Consider some recent studies: MetLife's 10th annual survey of employee benefits, trends and attitudes released in March puts employee loyalty at a seven-year low. One in three employees, the survey says, plans to leave his or her job by the end of the year. According to a 2011 Careerbuilder.com report, 76 percent of full-time workers, while not actively looking for a new job, would leave their current workplace if the right opportunity came along. Other studies show that each year, the average company loses anywhere from 20 percent to 50 percent of its employee base.

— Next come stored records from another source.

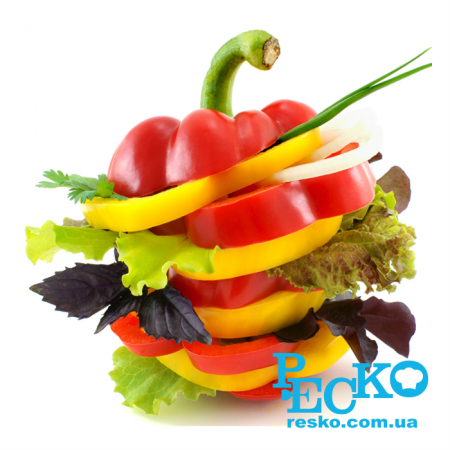 Овочерізка Reednee VC65MS з дисками електрична професійна промислова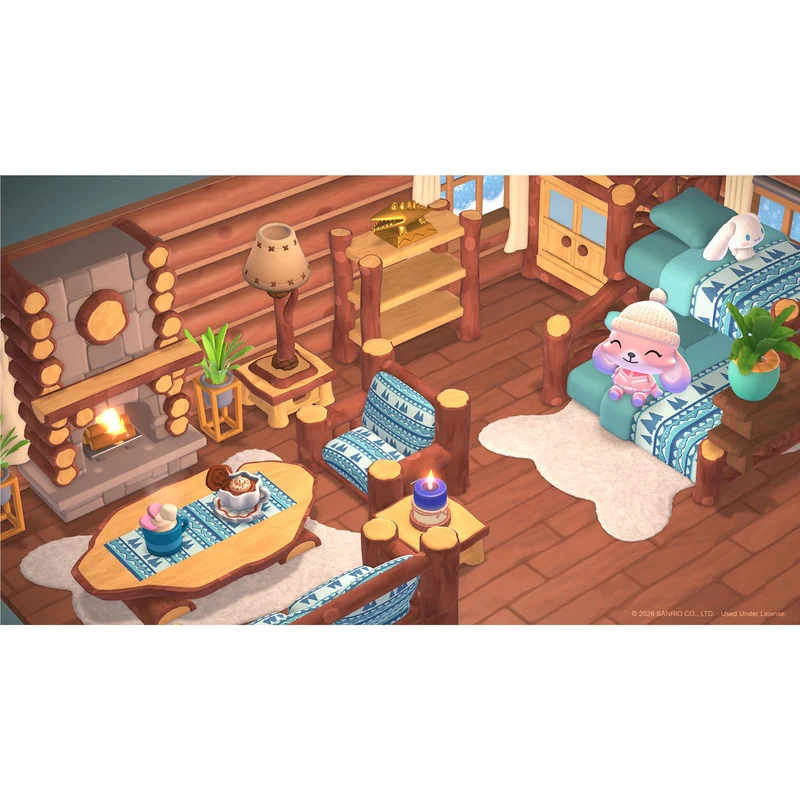 Hello Kitty Island Adventure Nintendo Switch 2 Edition Friendship Bundle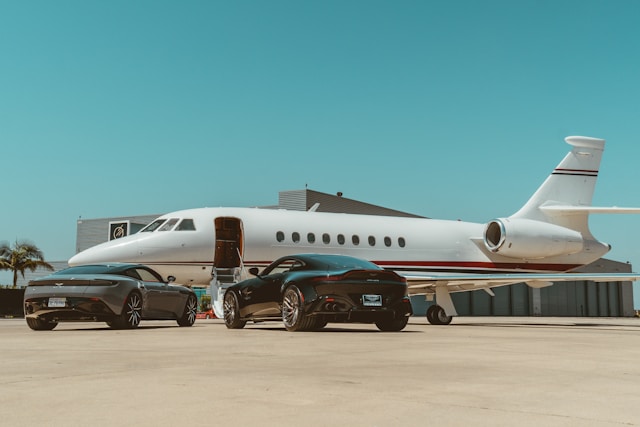 The Ultimate Guide: Private Jet Charter From Los Angeles to Las Vegas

Whatever the actual figures, some employees are clearly feeling disconnected from their work. Among the reasons cited for this: the recession, during which companies laid off huge swaths of their employees with little regard for loyalty or length of service; a whittling away of benefits, training and promotions for those who remain; and a generation of young millennials (ages 15 to 30) who have a different set of expectations about their careers, including the need to "be their own brand," wherever it takes them. In a nomadic world, one of the casualties is a decreasing sense of commitment to the organization.

Wharton management professor Adam Cobb sees another reason for what is clearly an evolving relationship. "When you are talking about loyalty in the workplace, you have to think about it as a reciprocal exchange," says Cobb. "My loyalty to the firm is contingent on my firm's loyalty to me. But there is one party in that exchange which has tremendously more power, and that is the firm."

Cobb suggests that at a minimum, "loyalty is not something a company can rely on. But when people say that employees have no loyalty to their firms, you get into a chicken-and-egg kind of argument. Imagine a different world where firms took care of their employees, and loyalty was reciprocal. Would employees be job hopping to the extent they are now?"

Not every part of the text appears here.